> [Activity]
Where an entry holds an image, leave the image out; otherwise reproduce the entry exactly.

- - - - - - -

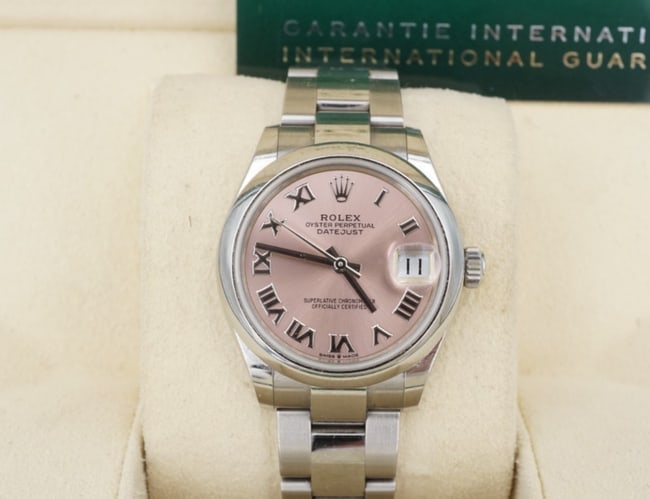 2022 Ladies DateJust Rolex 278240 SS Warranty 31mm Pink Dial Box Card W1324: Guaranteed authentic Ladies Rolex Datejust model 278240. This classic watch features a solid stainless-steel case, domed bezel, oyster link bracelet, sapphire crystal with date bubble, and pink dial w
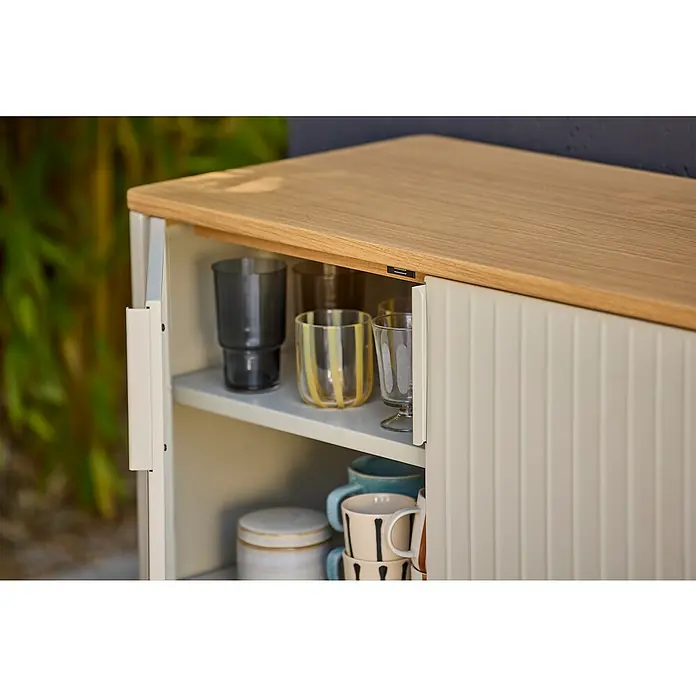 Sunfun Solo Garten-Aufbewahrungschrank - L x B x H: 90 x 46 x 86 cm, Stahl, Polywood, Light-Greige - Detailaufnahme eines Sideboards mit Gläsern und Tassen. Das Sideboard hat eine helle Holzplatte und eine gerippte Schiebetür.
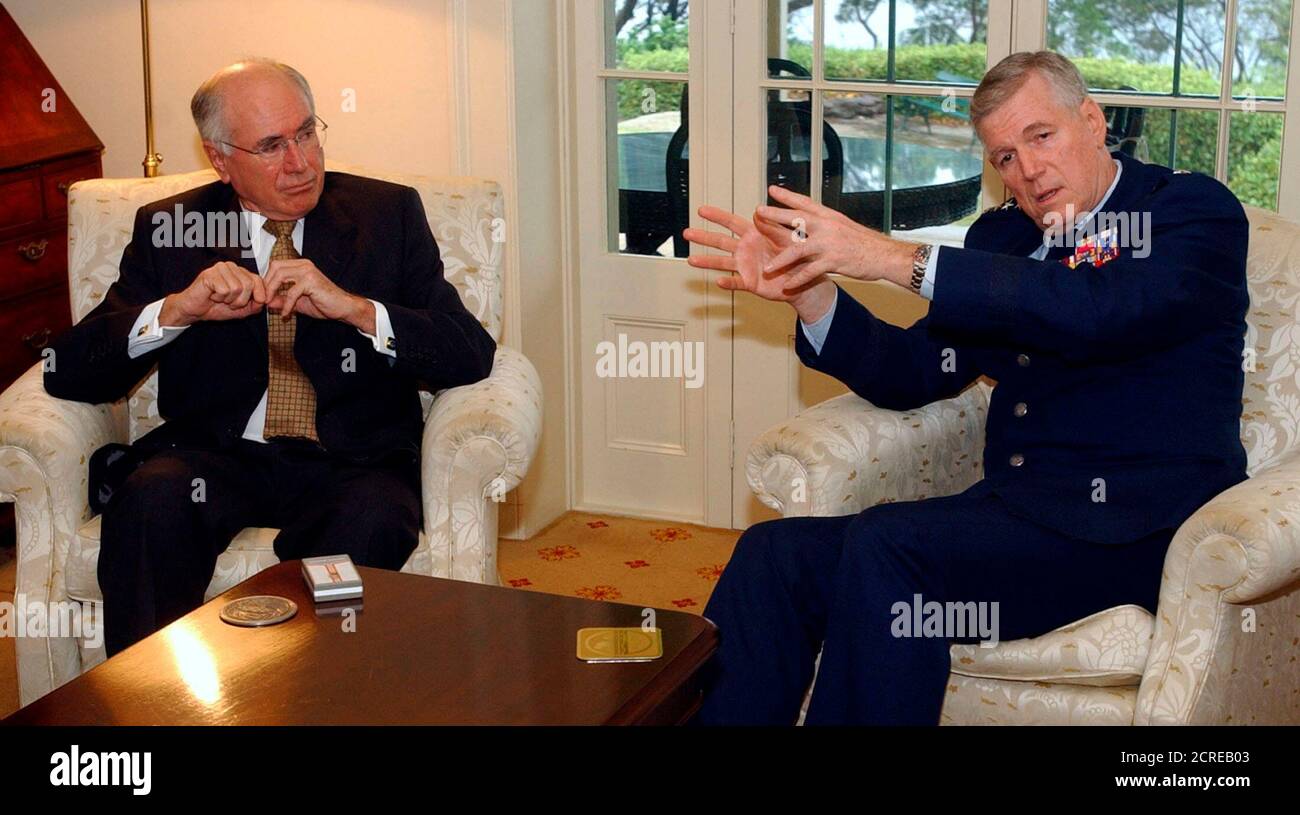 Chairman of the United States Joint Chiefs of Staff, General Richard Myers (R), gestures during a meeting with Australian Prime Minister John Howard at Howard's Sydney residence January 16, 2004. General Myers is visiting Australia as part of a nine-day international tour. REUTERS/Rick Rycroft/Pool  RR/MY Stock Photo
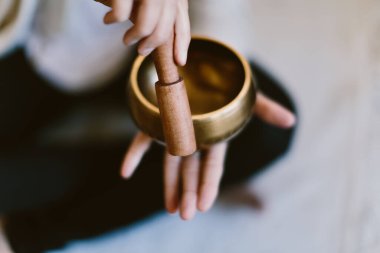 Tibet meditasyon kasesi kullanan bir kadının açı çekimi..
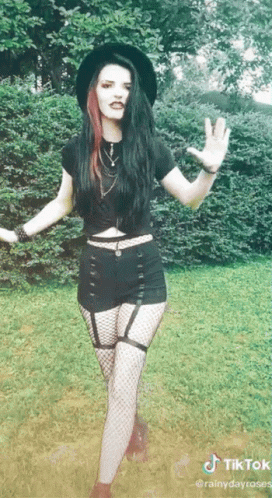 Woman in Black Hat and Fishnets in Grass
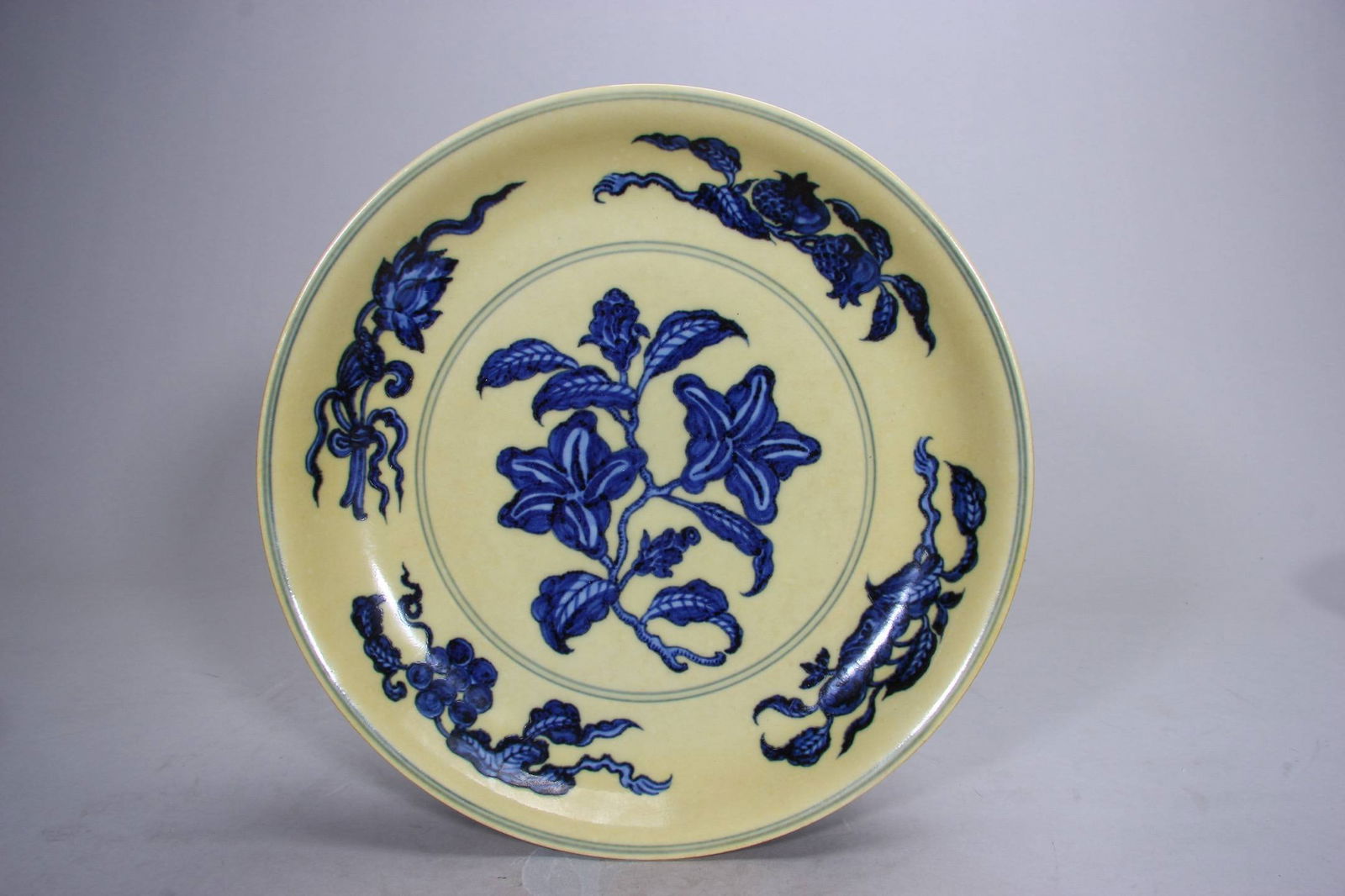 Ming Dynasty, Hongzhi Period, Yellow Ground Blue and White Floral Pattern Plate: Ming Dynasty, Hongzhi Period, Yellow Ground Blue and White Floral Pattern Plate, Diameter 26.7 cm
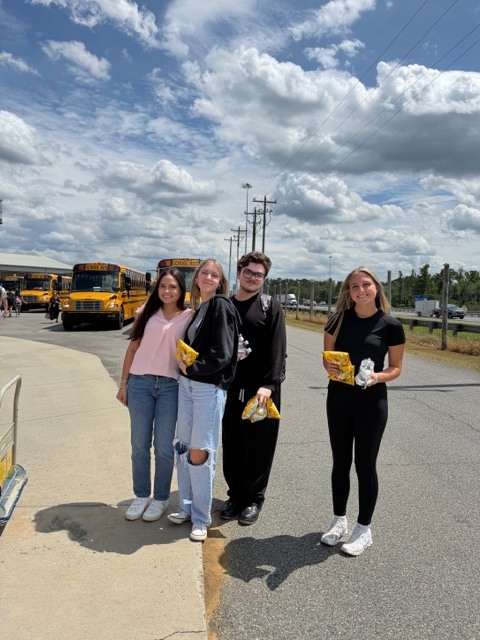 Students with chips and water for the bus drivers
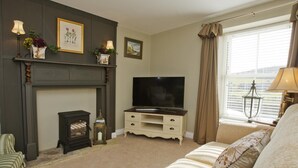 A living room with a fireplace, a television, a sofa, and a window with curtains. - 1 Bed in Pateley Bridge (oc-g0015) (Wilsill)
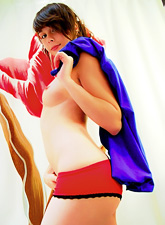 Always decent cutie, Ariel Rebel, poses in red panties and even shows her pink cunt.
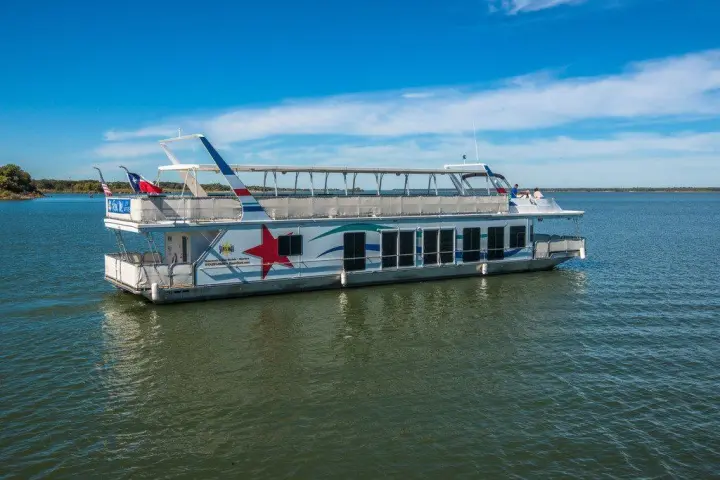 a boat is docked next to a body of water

- - - - - - -

> [Response box]
 2022 Ladies DateJust Rolex 278240 SS Warranty 31mm Pink Dial Box Card W1324: Guaranteed authentic Ladies Rolex Datejust model 278240. This classic watch features a solid stainless-steel case, domed bezel, oyster link bracelet, sapphire crystal with date bubble, and pink dial w
 Sunfun Solo Garten-Aufbewahrungschrank - L x B x H: 90 x 46 x 86 cm, Stahl, Polywood, Light-Greige - Detailaufnahme eines Sideboards mit Gläsern und Tassen. Das Sideboard hat eine helle Holzplatte und eine gerippte Schiebetür.
 Chairman of the United States Joint Chiefs of Staff, General Richard Myers (R), gestures during a meeting with Australian Prime Minister John Howard at Howard's Sydney residence January 16, 2004. General Myers is visiting Australia as part of a nine-day international tour. REUTERS/Rick Rycroft/Pool  RR/MY Stock Photo
 Tibet meditasyon kasesi kullanan bir kadının açı çekimi..
 Woman in Black Hat and Fishnets in Grass
 Ming Dynasty, Hongzhi Period, Yellow Ground Blue and White Floral Pattern Plate: Ming Dynasty, Hongzhi Period, Yellow Ground Blue and White Floral Pattern Plate, Diameter 26.7 cm
 Students with chips and water for the bus drivers
 A living room with a fireplace, a television, a sofa, and a window with curtains. - 1 Bed in Pateley Bridge (oc-g0015) (Wilsill)
 Always decent cutie, Ariel Rebel, poses in red panties and even shows her pink cunt.
 a boat is docked next to a body of water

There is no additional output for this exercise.